El 5 de mayo de 1945, con Alemania destruida y derrotada, a punto de firmar la capitulación incondicional, el sargento Albert J. Kosiek, al mando de un pelotón de reconocimiento integrado por veintitrés hombres de la Undécima División Acorazada del ejército americano, que viajaban en cuatro jeeps y tres vehículos blindados, se topó en su camino con una escena fantasmal. Su misión era la de explorar un puente cercano, librarlo de enemigos, si los había, y garantizar el paso del resto de las tropas, pero dio con “unas personas delgadas, vestidas con harapos, que parecían estar en grandes jaulas”. Había hallado el campo de Gusen III, uno de los centros de reclusión aledaños a Mauthausen, a veinte kilómetros de la idílica Linz.

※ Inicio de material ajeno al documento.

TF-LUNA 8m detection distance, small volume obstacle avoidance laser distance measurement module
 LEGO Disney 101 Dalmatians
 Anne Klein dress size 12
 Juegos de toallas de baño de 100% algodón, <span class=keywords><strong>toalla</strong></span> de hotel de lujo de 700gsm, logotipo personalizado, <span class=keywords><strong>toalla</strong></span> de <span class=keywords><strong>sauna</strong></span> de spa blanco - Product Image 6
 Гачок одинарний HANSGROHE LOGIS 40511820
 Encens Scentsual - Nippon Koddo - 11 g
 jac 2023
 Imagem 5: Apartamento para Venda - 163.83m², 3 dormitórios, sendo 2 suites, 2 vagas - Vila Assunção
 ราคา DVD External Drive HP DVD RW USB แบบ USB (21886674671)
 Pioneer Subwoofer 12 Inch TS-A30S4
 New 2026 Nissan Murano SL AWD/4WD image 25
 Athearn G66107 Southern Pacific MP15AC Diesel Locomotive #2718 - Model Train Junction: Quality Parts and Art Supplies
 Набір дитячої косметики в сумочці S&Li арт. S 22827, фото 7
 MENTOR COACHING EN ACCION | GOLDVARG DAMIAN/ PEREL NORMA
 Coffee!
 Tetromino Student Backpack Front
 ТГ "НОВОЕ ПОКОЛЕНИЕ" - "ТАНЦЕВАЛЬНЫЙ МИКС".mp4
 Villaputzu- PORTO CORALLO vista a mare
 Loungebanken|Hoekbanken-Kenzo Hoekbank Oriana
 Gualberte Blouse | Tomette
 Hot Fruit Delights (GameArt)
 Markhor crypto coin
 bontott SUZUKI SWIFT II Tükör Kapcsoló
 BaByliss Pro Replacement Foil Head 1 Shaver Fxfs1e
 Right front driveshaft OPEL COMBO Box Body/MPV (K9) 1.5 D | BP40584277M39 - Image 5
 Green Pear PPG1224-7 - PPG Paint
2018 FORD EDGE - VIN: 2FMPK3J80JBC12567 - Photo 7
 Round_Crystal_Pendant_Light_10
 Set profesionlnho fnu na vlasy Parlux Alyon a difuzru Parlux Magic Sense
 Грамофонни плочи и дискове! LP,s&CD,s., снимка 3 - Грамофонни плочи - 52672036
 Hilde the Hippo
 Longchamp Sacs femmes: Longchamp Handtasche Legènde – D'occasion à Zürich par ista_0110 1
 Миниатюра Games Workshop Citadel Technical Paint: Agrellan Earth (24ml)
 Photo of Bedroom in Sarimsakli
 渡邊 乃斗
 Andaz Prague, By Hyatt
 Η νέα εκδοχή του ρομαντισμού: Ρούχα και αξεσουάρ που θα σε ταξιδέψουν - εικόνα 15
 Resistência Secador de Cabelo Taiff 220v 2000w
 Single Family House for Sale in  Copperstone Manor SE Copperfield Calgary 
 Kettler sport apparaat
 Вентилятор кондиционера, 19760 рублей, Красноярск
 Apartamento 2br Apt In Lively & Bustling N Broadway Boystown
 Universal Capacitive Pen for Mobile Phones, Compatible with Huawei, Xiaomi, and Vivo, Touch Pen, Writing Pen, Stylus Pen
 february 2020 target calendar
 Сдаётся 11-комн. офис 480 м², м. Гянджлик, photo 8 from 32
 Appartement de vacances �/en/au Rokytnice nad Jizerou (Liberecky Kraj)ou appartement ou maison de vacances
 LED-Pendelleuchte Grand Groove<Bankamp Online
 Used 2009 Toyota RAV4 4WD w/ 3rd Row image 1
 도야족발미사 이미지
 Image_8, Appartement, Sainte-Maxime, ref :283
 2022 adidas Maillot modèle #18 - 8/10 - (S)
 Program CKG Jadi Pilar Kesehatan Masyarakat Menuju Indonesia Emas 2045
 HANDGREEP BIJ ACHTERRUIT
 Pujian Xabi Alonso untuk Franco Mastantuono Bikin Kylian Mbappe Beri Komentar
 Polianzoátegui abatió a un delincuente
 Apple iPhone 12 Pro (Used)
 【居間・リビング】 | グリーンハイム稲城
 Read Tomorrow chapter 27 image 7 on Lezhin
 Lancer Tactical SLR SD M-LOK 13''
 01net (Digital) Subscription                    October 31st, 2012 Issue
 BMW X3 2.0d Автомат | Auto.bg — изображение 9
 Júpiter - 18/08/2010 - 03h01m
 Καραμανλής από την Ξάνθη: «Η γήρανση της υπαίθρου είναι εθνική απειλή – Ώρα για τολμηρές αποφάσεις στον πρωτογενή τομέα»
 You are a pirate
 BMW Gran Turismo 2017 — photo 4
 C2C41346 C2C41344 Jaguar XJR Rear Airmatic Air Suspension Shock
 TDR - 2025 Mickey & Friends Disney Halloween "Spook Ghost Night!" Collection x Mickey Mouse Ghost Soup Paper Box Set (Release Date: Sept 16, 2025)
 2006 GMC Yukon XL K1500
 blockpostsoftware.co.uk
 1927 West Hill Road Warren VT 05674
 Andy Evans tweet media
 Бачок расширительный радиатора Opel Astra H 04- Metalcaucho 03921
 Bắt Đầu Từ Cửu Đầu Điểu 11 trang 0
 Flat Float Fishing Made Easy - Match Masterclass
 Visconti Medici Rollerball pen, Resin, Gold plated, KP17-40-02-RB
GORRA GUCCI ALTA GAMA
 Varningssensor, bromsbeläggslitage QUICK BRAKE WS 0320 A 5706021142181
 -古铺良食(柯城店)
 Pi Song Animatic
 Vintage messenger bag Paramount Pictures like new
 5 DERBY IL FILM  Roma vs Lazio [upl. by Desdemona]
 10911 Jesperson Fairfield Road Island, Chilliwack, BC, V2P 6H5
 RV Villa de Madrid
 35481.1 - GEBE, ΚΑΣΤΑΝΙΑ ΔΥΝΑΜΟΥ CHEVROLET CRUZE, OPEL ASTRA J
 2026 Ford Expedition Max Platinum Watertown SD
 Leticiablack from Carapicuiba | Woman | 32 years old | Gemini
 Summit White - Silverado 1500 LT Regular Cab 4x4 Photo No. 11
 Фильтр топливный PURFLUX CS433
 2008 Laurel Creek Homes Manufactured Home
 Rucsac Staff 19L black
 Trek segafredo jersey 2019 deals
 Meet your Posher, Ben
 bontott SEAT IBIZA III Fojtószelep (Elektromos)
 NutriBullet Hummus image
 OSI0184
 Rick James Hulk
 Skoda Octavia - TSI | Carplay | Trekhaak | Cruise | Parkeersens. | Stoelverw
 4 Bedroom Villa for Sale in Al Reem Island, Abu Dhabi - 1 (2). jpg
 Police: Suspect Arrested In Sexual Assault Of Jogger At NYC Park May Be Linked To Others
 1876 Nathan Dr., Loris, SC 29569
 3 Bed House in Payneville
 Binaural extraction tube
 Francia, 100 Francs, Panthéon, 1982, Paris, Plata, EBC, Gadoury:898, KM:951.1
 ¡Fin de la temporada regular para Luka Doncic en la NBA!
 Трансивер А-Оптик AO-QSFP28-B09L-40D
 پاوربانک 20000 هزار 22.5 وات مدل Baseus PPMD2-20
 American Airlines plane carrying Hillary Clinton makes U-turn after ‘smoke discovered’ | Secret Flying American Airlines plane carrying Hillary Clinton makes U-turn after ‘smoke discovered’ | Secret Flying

Kosiek, conmovido por las escenas de alegría desatadas en el campo a su llegada, tuvo que convencer a sus superiores de desviarse de su camino y liberar a aquellos prisioneros, porque el terrible comandante Ziereis estaba dispuesto a cumplir las órdenes de Himmler: encerrarlos a todos en una cueva cercana y volar luego la cueva. Así fue cómo los americanos liberaron Mauthausen, porque un sargento nacido en Chicago se atrevió a desafiar las órdenes del inefable general George Patton.
Y así fue cómo los liberadores americanos encontraron a su llegada al espanto una gran pancarta extendida a lo largo del muro de piedra de la entrada, escrita en español. Nadie entendió nada, pero Mauthausen era libre.
Hoy es un museo destinado a recordar lo que es imposible olvidar.